Description of the task:
Would you give the entries again word for word, with no pictures in the copy?

(Excerpts from a dataset)
★ ★ ★ ★

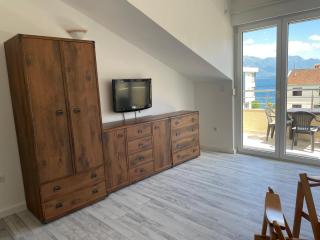 Wistaria Sea Line Apartment - Ðenovići - 5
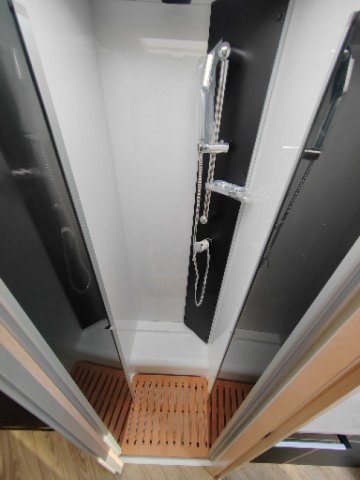 Challenger 384 Etape Edition - Photo 11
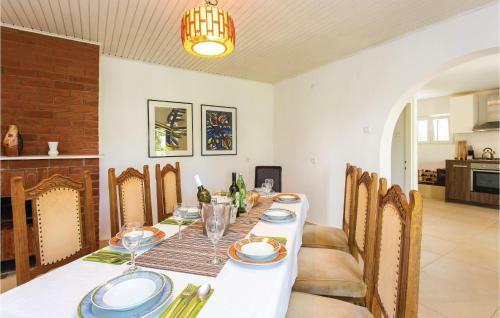 Holiday Home Ive Milcetica Matina Cr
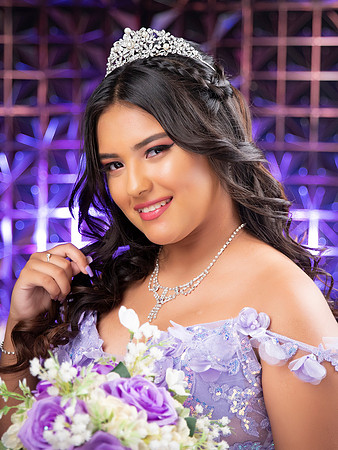 VALERIA OVALLE #25392-8324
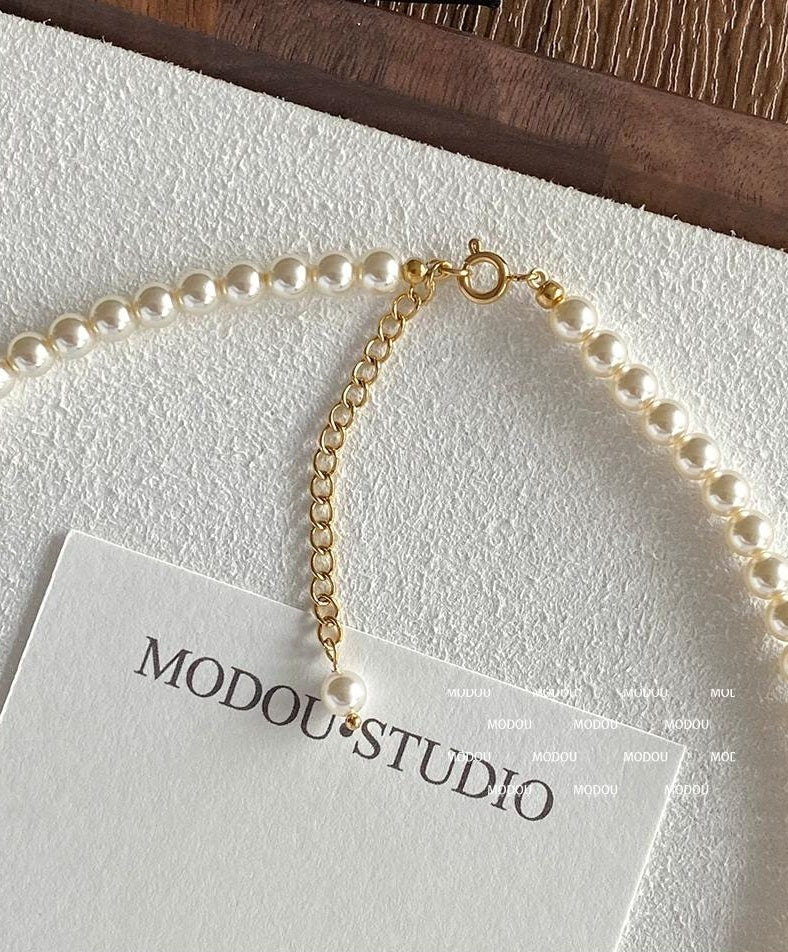 FAIRYTALE VINTAGE PEARL STATEMENT NECKLACE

★ ★ ★ ★

Your solution:
 Wistaria Sea Line Apartment - Ðenovići - 5
 Challenger 384 Etape Edition - Photo 11
 Holiday Home Ive Milcetica Matina Cr
 VALERIA OVALLE #25392-8324
 FAIRYTALE VINTAGE PEARL STATEMENT NECKLACE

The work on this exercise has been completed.